Given that they have played deep into the postseason the last two seasons, the Indians are likely to be tired. Their bullpen has been basically Cody Allen and Andrew Miller in that time period, so there’s the chance it could always break down midway through, especially given their replacement for Bryan Shaw (Colorado), Craig Breslow (Toronto), Joe Smith (Houston) and Boone Logan (Milwaukee) is….Matt Belisle. The majority of the team is still intact beyond the bullpen, however, and they even added a decent replacement for Carlos Santana (Philadelphia): Yonder Alonso, who will at least be a fine holdover between last year and whatever the future holds. The pitching staff is all returning as well, and hopefully Danny Salazar and Cody Anderson find their way back to the mound, because they could improve one of the most complete teams in baseball.
As I’m continuing through my research for this section of the league, it dawn on me that I may have been wrong about the first team. On paper, the Tigers look much better positioned for a return to the postseason than the White Sox. They’ve gotten name players behind the plate: Miguel Cabrera, Nicholas Castellanos and Jose Iglesias are still intact, while Leonys Martin slips into the leadoff spot after a bit of playoff help for the Cubs in October proved his worth. They also actively upgrade their rotation, bringing over Francisco Liriano and Mike Fiers over from the championship Astros. They’re not the number one or two arms in your arsenal, and Fiers will start the season the DL, but they have a more likely chance at improving the Tigers’ record. Maybe I was too eager to crown the White Sox as the Cinderella team, as this team has some glass slippers they’d like to try on.
Kansas City Royals
The window for Kansas City may have shut much quicker than anticipated. For all the goodwill the Royals built over the past several years as they climbed their way out of ignominity to the top of the baseball world, they’re about to come crashing They managed to stave off the departure of Mike Moustakas and Alcides Escobar, but at what price? The heavily browed face of their team is gone, and they’ll be struggling to replace him. Lucas Duda has a heavy load to bear, but I think he’ll handle it just fine to start, and veteran Royals Salvador Perez and Alex Gordon should help. The problem with the team truly lies with their pitching staff: Danny Duffy and Ian Kennedy aren’t getting any younger, and Duffy and Kelvin Herrera are the only pitchers remaining from their World Series run. Jason Hammel had his best year while helping the Cubs win in 2016, but that’s still a patching pitching prognosis.

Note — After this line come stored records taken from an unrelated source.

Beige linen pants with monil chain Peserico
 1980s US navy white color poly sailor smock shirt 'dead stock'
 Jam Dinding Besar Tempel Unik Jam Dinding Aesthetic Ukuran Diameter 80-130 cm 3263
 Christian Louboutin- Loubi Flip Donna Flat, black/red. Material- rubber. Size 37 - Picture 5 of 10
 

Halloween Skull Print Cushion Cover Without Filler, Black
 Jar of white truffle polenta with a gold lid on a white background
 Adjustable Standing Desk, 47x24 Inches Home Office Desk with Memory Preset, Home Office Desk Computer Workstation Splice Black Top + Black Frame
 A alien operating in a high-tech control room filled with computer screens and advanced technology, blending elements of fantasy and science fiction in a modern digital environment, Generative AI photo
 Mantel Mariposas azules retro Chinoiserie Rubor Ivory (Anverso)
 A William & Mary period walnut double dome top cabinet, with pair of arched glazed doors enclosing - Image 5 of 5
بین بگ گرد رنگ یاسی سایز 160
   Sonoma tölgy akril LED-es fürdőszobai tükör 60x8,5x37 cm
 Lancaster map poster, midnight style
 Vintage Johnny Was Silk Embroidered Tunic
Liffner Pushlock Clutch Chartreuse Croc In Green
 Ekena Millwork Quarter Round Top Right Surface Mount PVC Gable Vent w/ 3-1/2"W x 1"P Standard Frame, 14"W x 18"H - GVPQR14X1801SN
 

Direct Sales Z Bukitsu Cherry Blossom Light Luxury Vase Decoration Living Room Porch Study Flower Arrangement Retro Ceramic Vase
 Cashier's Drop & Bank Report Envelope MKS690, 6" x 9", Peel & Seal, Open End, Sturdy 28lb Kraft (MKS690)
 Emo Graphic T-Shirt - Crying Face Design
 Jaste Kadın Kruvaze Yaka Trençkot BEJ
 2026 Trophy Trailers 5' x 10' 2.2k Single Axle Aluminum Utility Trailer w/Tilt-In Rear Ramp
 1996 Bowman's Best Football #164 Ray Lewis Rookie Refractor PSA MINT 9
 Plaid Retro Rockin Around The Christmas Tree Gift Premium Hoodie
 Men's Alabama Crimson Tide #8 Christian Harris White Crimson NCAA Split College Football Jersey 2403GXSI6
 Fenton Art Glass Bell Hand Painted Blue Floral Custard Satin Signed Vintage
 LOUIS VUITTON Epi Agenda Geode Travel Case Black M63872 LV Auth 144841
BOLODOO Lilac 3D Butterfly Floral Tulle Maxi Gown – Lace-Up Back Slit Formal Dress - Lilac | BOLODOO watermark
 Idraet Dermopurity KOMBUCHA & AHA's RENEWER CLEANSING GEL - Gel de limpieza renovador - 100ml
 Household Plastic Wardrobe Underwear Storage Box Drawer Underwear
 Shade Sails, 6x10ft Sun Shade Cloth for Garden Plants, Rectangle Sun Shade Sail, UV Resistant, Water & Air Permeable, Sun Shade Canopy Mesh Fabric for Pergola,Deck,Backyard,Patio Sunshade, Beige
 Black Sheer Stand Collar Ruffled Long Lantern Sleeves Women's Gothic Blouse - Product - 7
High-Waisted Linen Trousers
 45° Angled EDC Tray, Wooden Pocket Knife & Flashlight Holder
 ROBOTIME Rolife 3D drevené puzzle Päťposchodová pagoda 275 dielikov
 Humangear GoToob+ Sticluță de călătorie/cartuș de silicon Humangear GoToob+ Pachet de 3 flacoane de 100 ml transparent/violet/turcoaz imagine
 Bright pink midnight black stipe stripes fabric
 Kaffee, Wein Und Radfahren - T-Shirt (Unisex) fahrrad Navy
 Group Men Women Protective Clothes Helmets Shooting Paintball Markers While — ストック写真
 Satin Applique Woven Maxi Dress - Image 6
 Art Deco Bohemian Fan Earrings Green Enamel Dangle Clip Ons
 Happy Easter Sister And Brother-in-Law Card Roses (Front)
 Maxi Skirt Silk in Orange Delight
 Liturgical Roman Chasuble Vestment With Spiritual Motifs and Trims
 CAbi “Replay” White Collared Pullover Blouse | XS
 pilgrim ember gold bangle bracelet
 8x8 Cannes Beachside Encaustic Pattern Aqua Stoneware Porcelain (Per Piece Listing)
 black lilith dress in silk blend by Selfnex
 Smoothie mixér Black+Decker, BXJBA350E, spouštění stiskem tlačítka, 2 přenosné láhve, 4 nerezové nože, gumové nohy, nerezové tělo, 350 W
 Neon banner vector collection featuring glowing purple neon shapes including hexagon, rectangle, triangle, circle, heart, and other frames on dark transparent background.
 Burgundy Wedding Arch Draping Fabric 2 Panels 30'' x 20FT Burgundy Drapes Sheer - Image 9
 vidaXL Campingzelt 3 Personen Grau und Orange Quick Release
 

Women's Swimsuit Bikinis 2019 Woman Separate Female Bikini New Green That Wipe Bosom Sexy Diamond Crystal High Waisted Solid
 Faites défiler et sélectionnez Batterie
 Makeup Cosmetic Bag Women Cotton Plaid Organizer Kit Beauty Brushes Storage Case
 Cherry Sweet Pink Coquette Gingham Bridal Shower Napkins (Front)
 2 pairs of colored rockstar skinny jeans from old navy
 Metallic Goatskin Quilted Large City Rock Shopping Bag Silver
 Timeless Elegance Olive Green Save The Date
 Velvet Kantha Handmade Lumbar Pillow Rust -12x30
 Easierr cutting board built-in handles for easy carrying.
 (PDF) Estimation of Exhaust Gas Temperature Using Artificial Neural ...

Man, did the Twins acquire every available free agent this offseason? It seems that way, though Logan Morrison is the only bat filling in the lineup. The pitching side sees Jake Odorizzi (Tampa Bay) and Lance Lynn (St. Louis) joining in, and they’re a definitive upgrade from both their respective teams and over Bartolo Colon and Hector Santiago. Odorizzi brings veteran leadership on a team lacking it the past few seasons on the mound, while the oldest player in pitching joins them in Fernando Rodney. After having a career year at 40 in Arizona, he’ll join additions such as Addison Reed, Zach Duke and Tyler Kinley to bolster the newly revamped bullpen. There’s a lot to hope for in Minneapolis, and the hope is to give Miguel Sano, Brian Dozier and Joe Mauer another chance at playoff glory.
That’s it, folks. There’s a lot to be excited about once again here in the AL Central, but we’ll move on the west coast tomorrow to find out who’s going to be the best there. All in all, there will be some tough matchups here over the course of 2018. I can’t wait to be proven wrong about my White Sox > Twins prediction, though.